Ubiquity of literate practice is a theme that unites this week’s readings, and I was continually struck at how digital technologies such as flip cams, laptops, and iPads are supporting the advancement of such distribution of writing across diverse and divergent contexts. As Hawisher, et al., mention, the ubiquity has always been there, but portable composition tools are changing the game in very interesting ways. Prior and Shipka report writers who recall traces of conversation about writing in bars; they also discuss the role coffee (and lack of access to coffee) can play in writers’ processes. This is not new—one hears stories of Shakespeare putting quill to scroll in pubs near the Globe because only public spaces could afford indoor lighting sufficient enough to write in the evening. Similarly well-documented is the role of coffeehouses associated with the exchange of ideas between the likes of Pepys and Johnson, both for their provision of social space, but for the chemical uptick associated with caffeine.
What’s different now is the level of additional control over environment and space digital writing tools offer us. I can take my laptop to a coffee shop to write because I want to, not because I have to (though sometimes that’s true). If I don’t have sufficient control over my environment at home, I’m not tied to a desktop machine to compose, edit, and share my work. In other words, I can go to the environment that allows me sufficient control over itself. (And even if the environment isn’t completely amenable to my writing needs, digital technologies such as iPods let me control the music I listen to, and the presence of the white earphones send a strong signal that I’m there to be left alone, despite being in a nominally social space).

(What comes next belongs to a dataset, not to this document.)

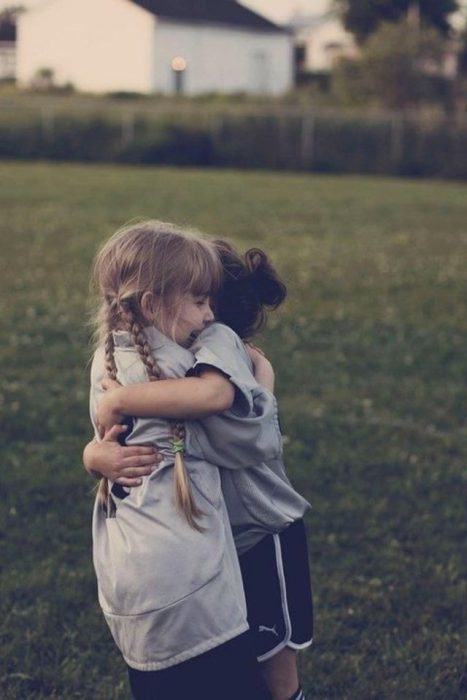 niñas abrazándose en un campo de fútbol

Again, this isn’t completely new. Writers have taken their books and notebooks to cafes and libraries to get things done, but the compact multifunctionality of a laptop (as Lovett and Squier note) is new. I can do more than read research or edit or write a draft. I can share the draft with peers through Google docs; I can publish writing on the web through WordPress. To get a sense of the difference, imagine the awkwardness of an analogous situation from just a generation ago: a café full of tables with stacks of books and file folders for research; half-filled notebooks for invention and composing; and typewriters for preparing drafts for publication. Possible, yes; but convenient, no.

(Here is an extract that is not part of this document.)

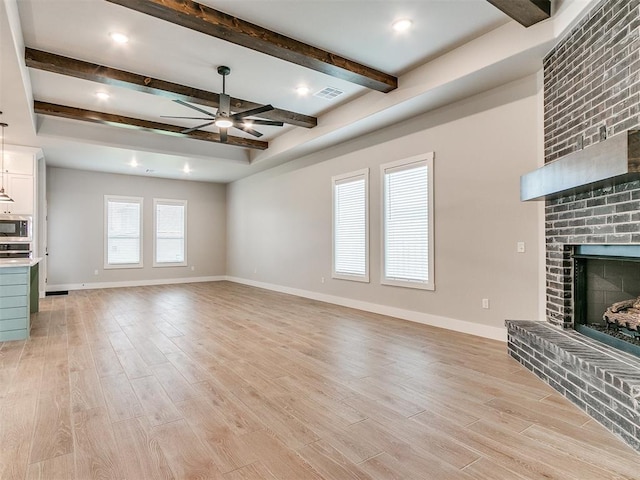 unfurnished living room with beamed ceiling, a brick fireplace, light hardwood / wood-style flooring, and ceiling fan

Revisiting Prior and Shipka’s piece in conjunction with Hawisher, et al., and Lovett and Squier helps me put into theoretical perspective a phenomenon I wrote about in Mark Dressman’s class last fall. He asked us to go somewhere and observe—then to try to make sense out of what we saw. It was a “loose” assignment, to be sure, and one that gave me trouble after I wrote down everything the patrons at Café Espresso on Goodwin were doing for the better part of an hour. That is, until on my way back to my car, I ducked into the Undergraduate Library to pick something up. I noticed that the two spaces—café and library—were much more similar in social function than they had been when I was an undergraduate. The conflation of purpose and environment is overwhelmingly attributable to the ability for digital technology to support reading and writing in contexts beyond the traditional print-bound confines. More relaxed library rules played a part as well, but I’m certain that the decisions behind such changes were informed by the need for libraries to compete with other spaces that can offer similar access to information and support—with “groovier” atmospheres.

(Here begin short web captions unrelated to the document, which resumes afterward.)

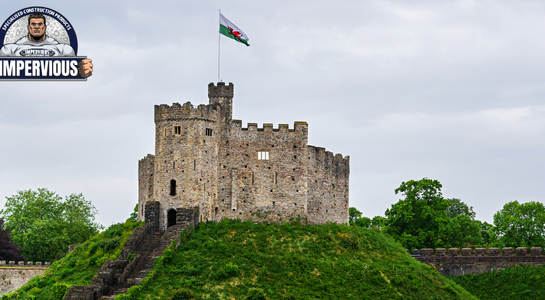 News - Historic stone castle in Wales on a grassy hill under cloudy skies, illustrating exposure to moisture and the need for effective waterproofing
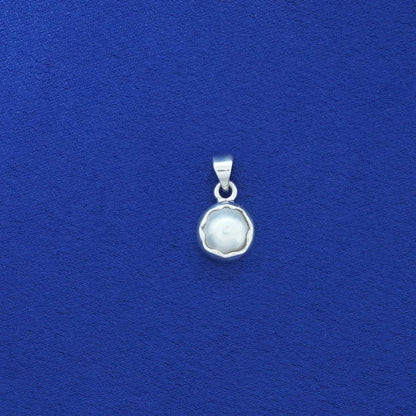 Silver pendant with a white stone on a blue background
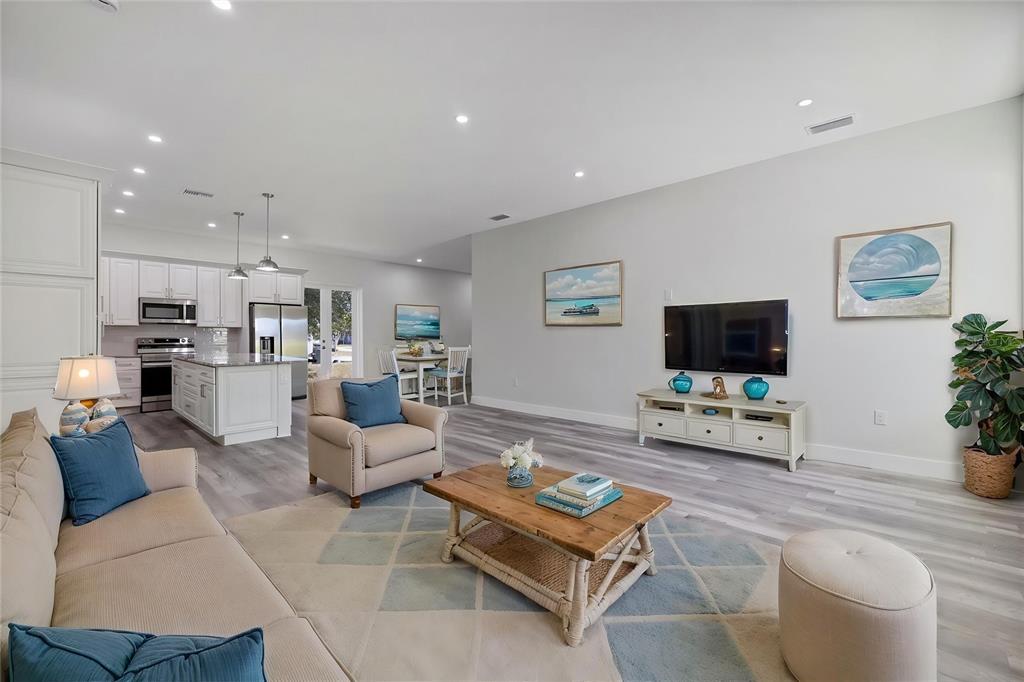 3525 McIntosh Road Sarasota, FL 34232 - Photo 11 of 40 a living room with furniture a flat screen tv and kitchen view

As empowering and freeing as these aspects of digital writing technologies can be, I want to acknowledge the way in which they can add an element of sterility and invasiveness to the concept of knotworking—“part of the normal and routine management of multiple activity footings” Shipka and Prior cite. Having recently participated in a fairly high-stakes, deadline-driven collaborative writing project, I found myself dreading the act of checking my personal email account, knowing that at any moment my last week of summer—and into my first week of work—could be invaded with another draft, another round of comments, another passing of the e-baton. Supported by the ease of digital composition and the speed of digital communication, I found it hard not to work because of the networked knotwork. Yes, the laptop can support a notion as elegant and ideal as a “living pedagogy,” but it’s also the agent of constantly living requests for productivity that can get in the way of learning or recreation of a more personal, self-directed nature.